== Stored data ==
# # #
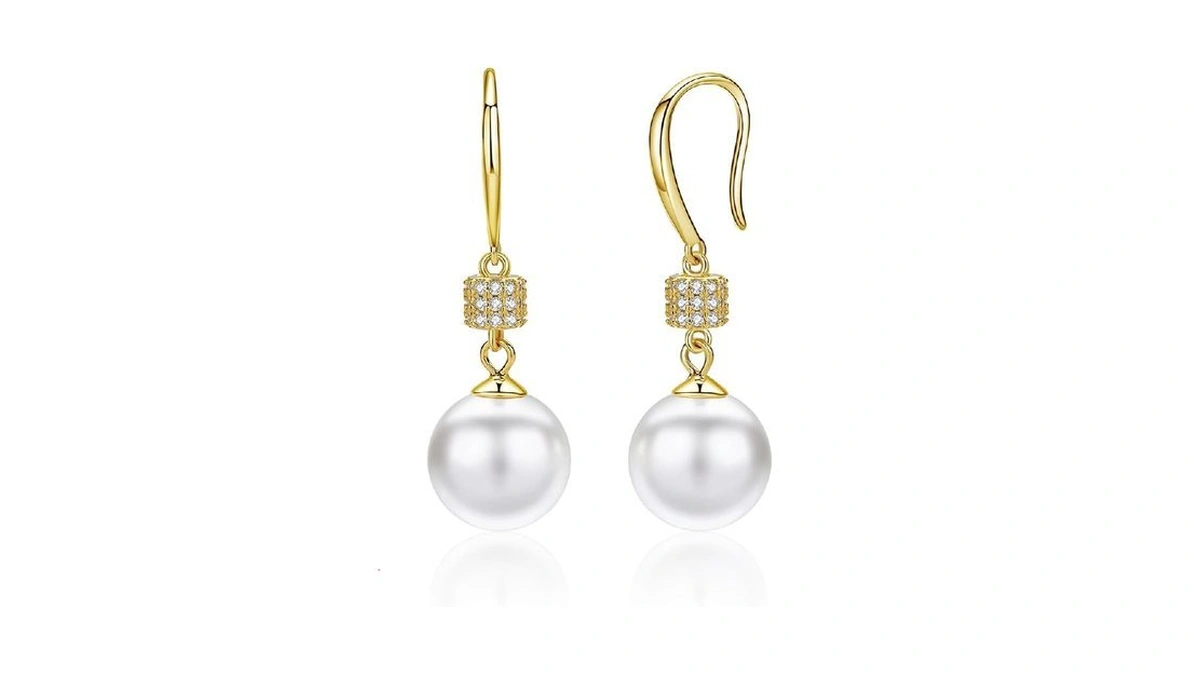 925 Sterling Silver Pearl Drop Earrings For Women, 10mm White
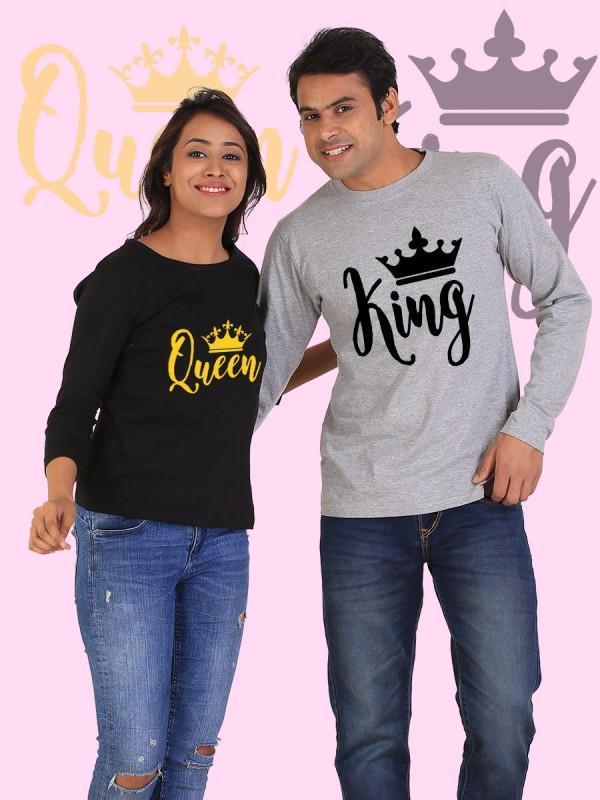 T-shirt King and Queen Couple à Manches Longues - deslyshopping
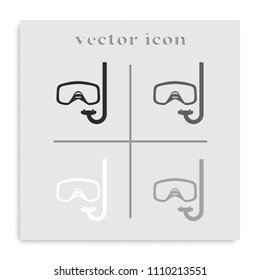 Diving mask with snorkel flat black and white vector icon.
# # #
== Work to be completed ==
Please repeat all of the data exactly as it stands, leaving the pictures out.

== Final answer ==
 925 Sterling Silver Pearl Drop Earrings For Women, 10mm White
 T-shirt King and Queen Couple à Manches Longues - deslyshopping
 Diving mask with snorkel flat black and white vector icon.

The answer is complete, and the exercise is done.